** DATASET EXTRACT follows **

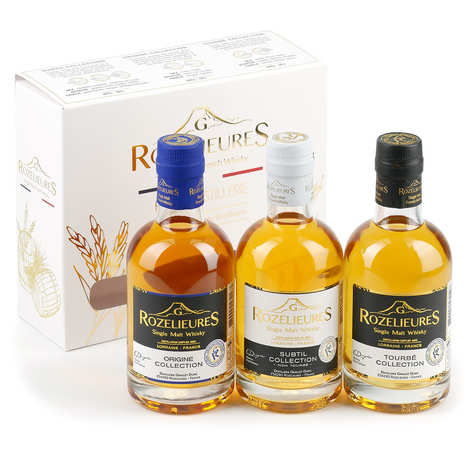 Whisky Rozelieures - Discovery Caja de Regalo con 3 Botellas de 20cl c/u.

** End of DATASET EXTRACT **
** DATASET EXTRACT follows **

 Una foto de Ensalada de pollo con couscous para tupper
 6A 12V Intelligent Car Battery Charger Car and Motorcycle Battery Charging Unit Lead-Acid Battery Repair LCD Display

** End of DATASET EXTRACT **
** DATASET EXTRACT follows **

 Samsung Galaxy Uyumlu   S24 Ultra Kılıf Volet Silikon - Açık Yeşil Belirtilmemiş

** End of DATASET EXTRACT **

### PROBLEM STATEMENT
Transcribe the records above exactly, beginning at the line that contains "Una foto de" and ending with the line that contains "6A 12V Intelligent", both included, and nothing else.

### ANSWER TO THIS PROBLEM
 Una foto de Ensalada de pollo con couscous para tupper
 6A 12V Intelligent Car Battery Charger Car and Motorcycle Battery Charging Unit Lead-Acid Battery Repair LCD Display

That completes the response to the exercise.